*** Opening Raw data ***

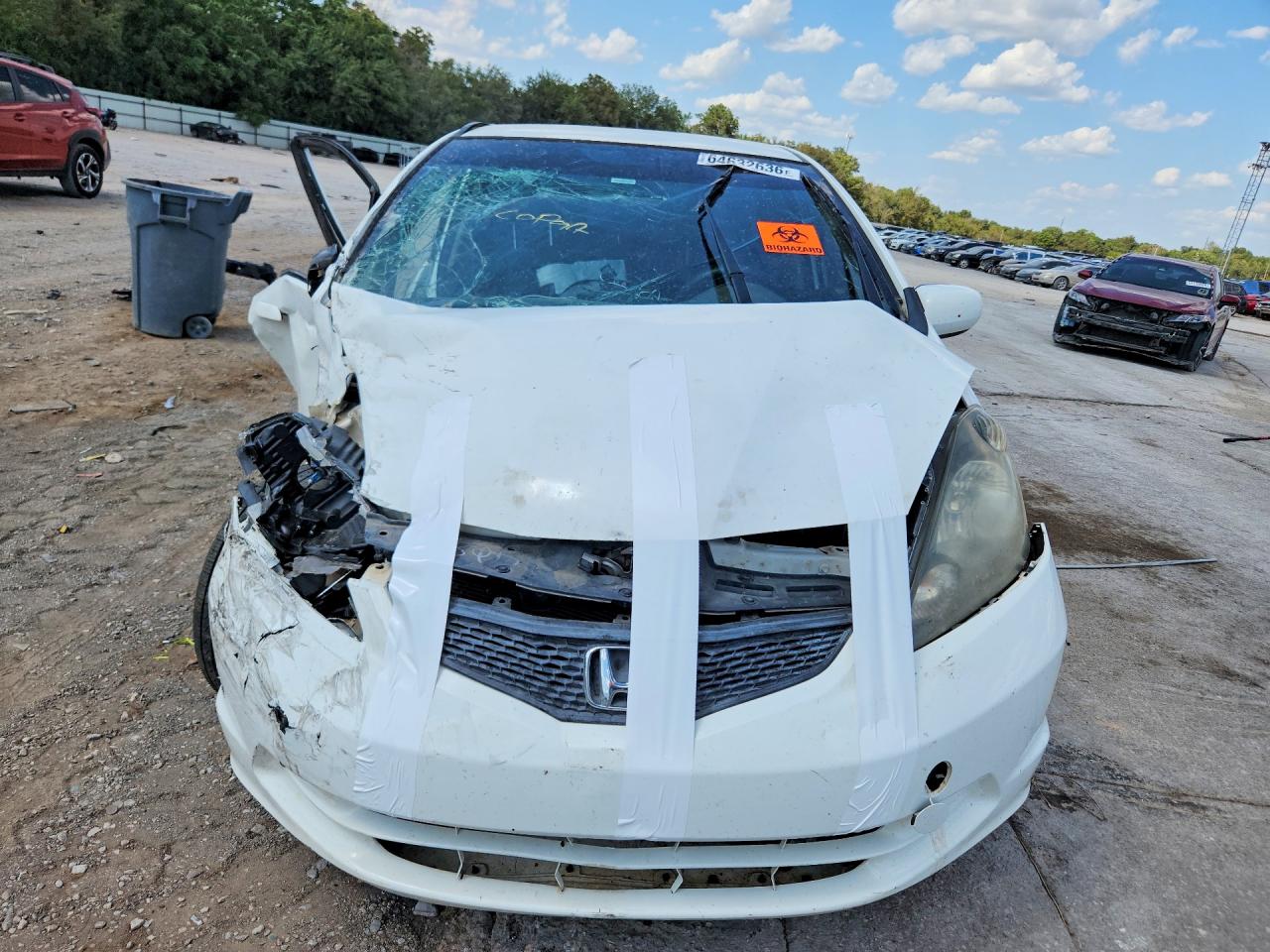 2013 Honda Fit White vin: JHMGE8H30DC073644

*** Closing Raw data ***
*** Opening Raw data ***

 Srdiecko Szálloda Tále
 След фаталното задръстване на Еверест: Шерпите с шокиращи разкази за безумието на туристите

*** Closing Raw data ***
*** Opening Raw data ***

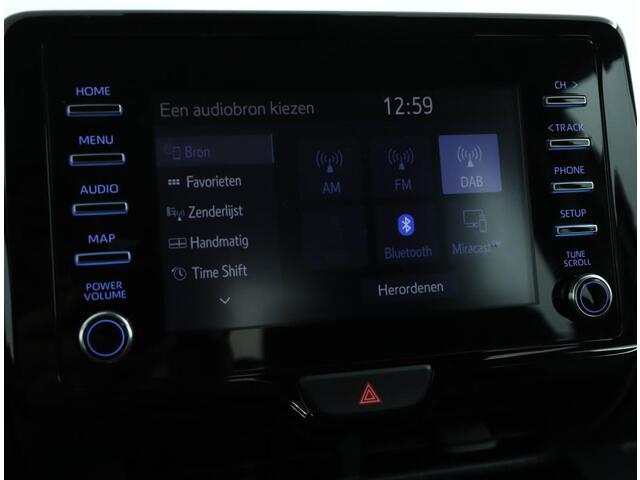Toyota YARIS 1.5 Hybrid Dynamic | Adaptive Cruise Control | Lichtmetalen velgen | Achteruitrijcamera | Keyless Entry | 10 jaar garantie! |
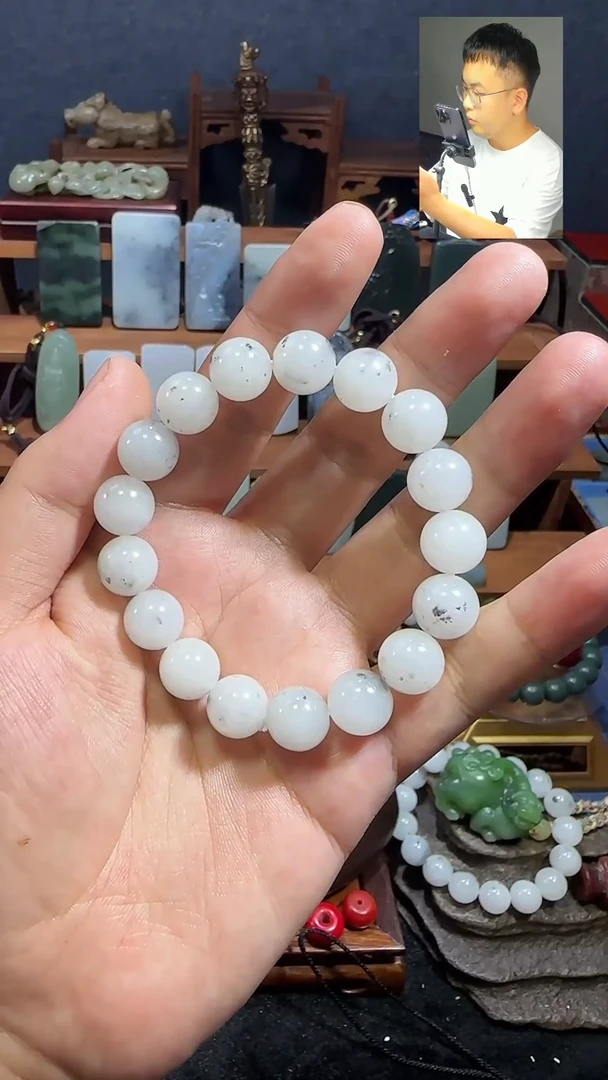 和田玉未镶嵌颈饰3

*** Closing Raw data ***

## Task goal
From the entries above, write out only the lines starting at the line that holds "Srdiecko Szálloda Tále" and ending at the line that holds "След фаталното задръстване", keeping both and matching them exactly.

## Solution to the exercise
 Srdiecko Szálloda Tále
 След фаталното задръстване на Еверест: Шерпите с шокиращи разкази за безумието на туристите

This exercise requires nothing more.